In 1974 she wrote, directed and starred in the 40-minute film A Handful of Dust about the challenges of a Turkish couple who meet in Sydney. She had received a grant from the Experimental Film Fund to support the work. The film was a finalist in the Greater Union Awards at the 1974 Sydney Film Festival and has been described by academic Adrian Danks as receiving a "generally positive reception" that supported her subsequent production of The Golden Cage.

==The Golden Cage==
In 1975 Kuyululu directed the 70-minute film The Golden Cage, about a pair of male Turkish friends struggling to settle in Australia. She was the first woman in Australia to direct a film since Paulette McDonagh over forty years previously. Kuyululu's husband produced the film and played a starring role. It was supported by a $20,000 grant from the Film and Television Board, and included footage shot in Istanbul.

The Golden Cage premiered as part of the 1975 International Women's Film Festival in Sydney, but Kuyululu was unable to find a distributor. One of the challenges was that the film's backers required that the dialogue be in English, which led it to seem inauthentic. Danks notes that the film has been "consistently marginalised and often forgotten about in accounts of Australian film history"; it was screened only rarely, including occasionally on SBS in the 1980s.
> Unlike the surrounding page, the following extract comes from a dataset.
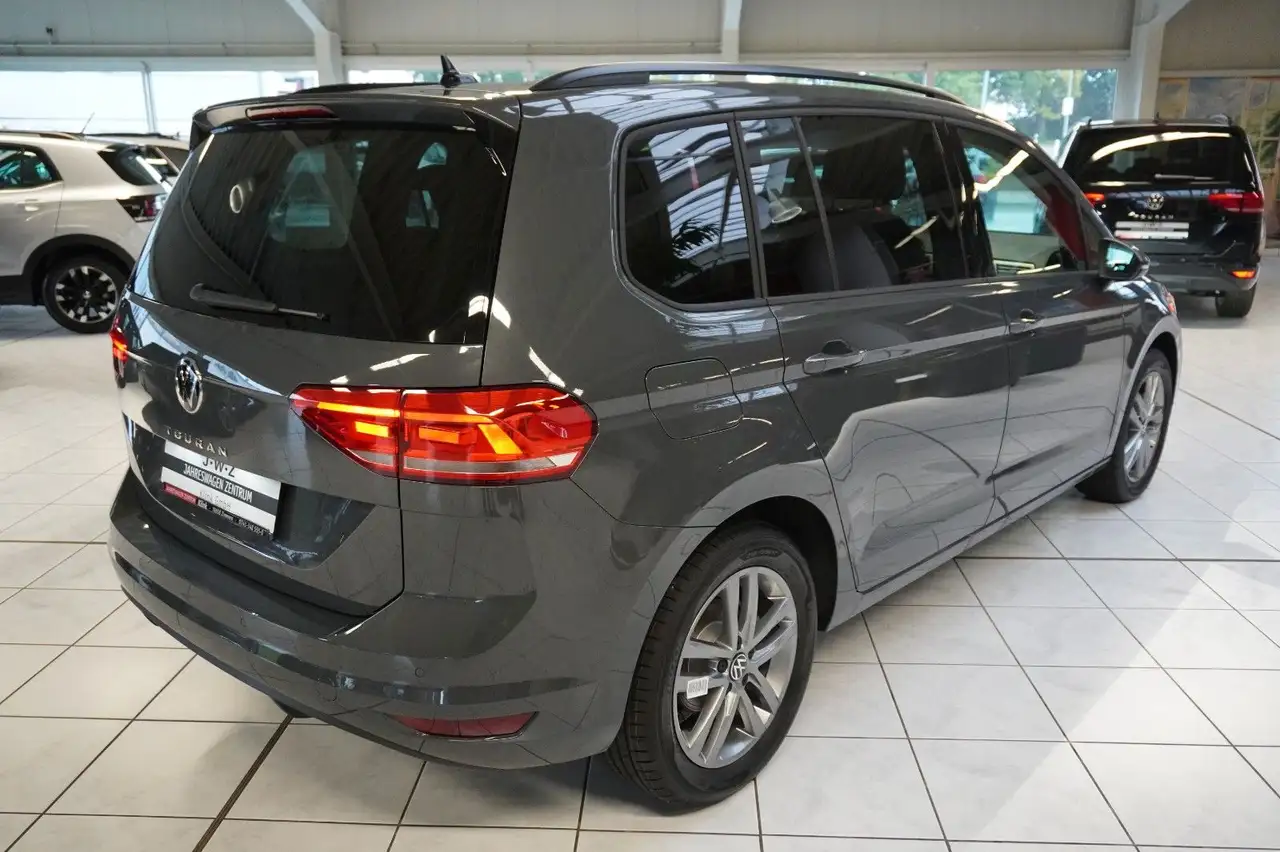 Volkswagen Touran 6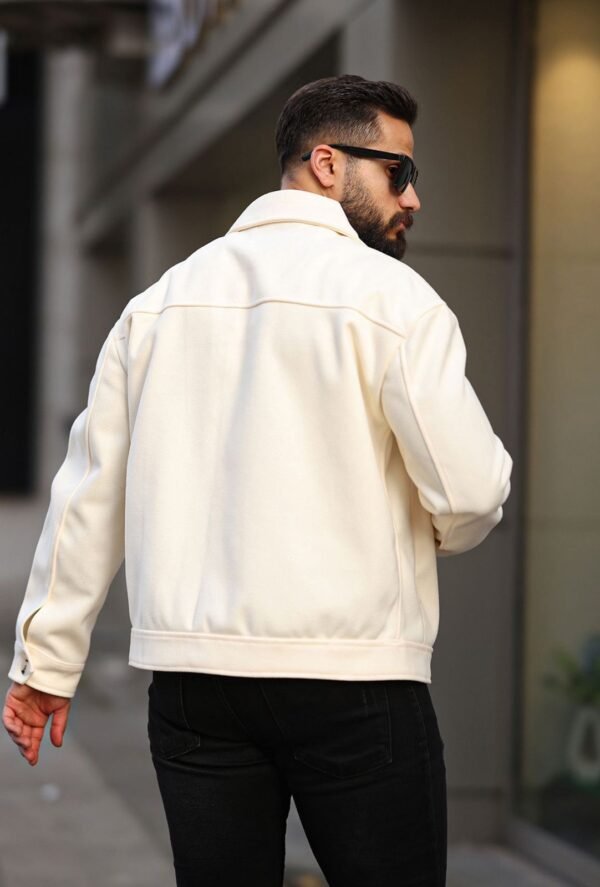 Xhaketë Klasike e Bardhë me Pulla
Following The Golden Cage, Kuyululu planned to write and direct a film about the 1915 Battle of Broken Hill. She was unable to get funding as a Turkish woman director, and had to engage Donald Crombie to take over as the proposed director, while she wrote the screenplay. She was however unsuccessful in getting the film made.

==Later life and death==
Kuyululu returned to live in Sweden in the late 1970s and early 1980s, where she directed and performed in Royal Swedish Opera productions. She returned to Australia in 1985, where she worked in the Australian People's Theatre and formed a Turkish amateur theatre group with her son. In 1989 she wrote and directed the Turkish language film Suçlu mu Piyon mu? (Is he Guilty or is he a Pawn?).

In 2019 she died in Sydney. David Stratton, writing in The Australian, recorded that at the time of her death she was "almost completely forgotten by the mainstream arts world". Historian Sue Hardisty notes that her two films stand out in the "overwhelmingly Anglo-Celtic" environment of 1970s Australian film.

In November 2023, The Golden Cage was screened by the Melbourne Cinematheque and ACMI as part of a program focusing on migrant women directors in Australia in the 1970s and 1980s.